Joga – kurs dla początkujących
Joga od podstaw
Jestem świeżo po kursie Jogi od podstaw, więc muszę się z Wami podzielić wrażeniami.
Zawsze chciałam zrobić taki kurs, bo mimo, że chodziłam już na jogę, to zawsze były to zajęcia w klubie fitness. I co w tym złego? Ano nic. Trafiałam na świetne prowadzące – Anię w ZdroFit Wola w Warszawie i Basię w Calypso Rzeszów, ale klub fitness rządzi się swoimi prawami. Na zajęcia przychodzą osoby, które są na nich pierwszy, drugi, piąty raz, bo chcą spróbować co to takiego ta joga i są też osoby, które chodzą od roku, dwóch, pięciu. Zadaniem prowadzącego, bardzo trudnym zadaniem, jest to, aby każda z tych osób wyszła z zajęć zadowolona. Dlatego nie ma tu możliwości rozłożenia każdej pozycji na czynniki pierwsze i nauczenia podstaw–podstaw, a mi na tym zależało. Zawsze miałam wątpliwości czy dobrze stawiam stopy, czy odległość nóg w Wojowniku jest ok itp.

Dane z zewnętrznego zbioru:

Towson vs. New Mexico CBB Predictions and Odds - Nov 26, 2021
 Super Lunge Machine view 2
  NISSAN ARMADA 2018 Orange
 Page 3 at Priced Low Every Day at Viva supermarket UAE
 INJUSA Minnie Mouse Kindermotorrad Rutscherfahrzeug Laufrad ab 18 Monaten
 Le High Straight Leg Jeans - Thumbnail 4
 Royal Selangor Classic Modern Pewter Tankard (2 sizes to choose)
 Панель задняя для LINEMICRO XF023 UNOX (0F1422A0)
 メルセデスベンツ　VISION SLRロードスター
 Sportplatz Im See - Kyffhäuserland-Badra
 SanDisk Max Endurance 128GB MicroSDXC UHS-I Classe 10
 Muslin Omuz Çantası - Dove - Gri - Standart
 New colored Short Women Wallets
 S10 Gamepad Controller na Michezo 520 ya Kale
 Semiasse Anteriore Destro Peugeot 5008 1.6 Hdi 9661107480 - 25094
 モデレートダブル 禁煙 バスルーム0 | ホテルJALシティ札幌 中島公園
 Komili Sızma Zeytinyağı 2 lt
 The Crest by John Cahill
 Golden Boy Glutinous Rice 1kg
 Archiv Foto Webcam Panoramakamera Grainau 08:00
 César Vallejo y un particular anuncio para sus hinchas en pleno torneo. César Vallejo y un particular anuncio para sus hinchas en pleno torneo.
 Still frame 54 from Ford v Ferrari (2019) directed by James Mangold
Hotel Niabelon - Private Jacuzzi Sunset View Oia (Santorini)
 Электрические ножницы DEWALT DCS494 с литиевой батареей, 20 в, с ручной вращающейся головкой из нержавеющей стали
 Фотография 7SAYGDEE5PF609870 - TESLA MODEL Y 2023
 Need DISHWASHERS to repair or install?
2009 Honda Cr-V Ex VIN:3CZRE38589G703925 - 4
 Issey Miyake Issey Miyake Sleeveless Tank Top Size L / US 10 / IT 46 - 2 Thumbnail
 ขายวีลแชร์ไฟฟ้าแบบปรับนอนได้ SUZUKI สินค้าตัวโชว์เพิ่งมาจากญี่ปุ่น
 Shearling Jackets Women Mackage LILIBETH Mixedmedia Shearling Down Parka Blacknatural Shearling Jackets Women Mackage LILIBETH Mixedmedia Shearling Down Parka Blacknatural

Dlatego kiedy dostałam zaproszenie na kurs do Szkoły Jogi Aldony Florkiewicz (SJAF) bardzo się ucieszyłam, ale musiałam trochę poczekać. Zaproszenie dostałam chyba w grudniu, kiedy miałam w domu dwumiesięczną Gaję, która nie uznaje butelki :-/ Kurs podstawowy w SJAF trwa 2 miesiące, a zajęcia odbywają się 2 razy w tygodniu i trwają 90 min, więc nie było szans, żebym na nie chodziła.
Jednak przyszedł czerwiec, Dziecie me zaczęło jeść stałe pokarmy, więc postanowiłam się zapisać.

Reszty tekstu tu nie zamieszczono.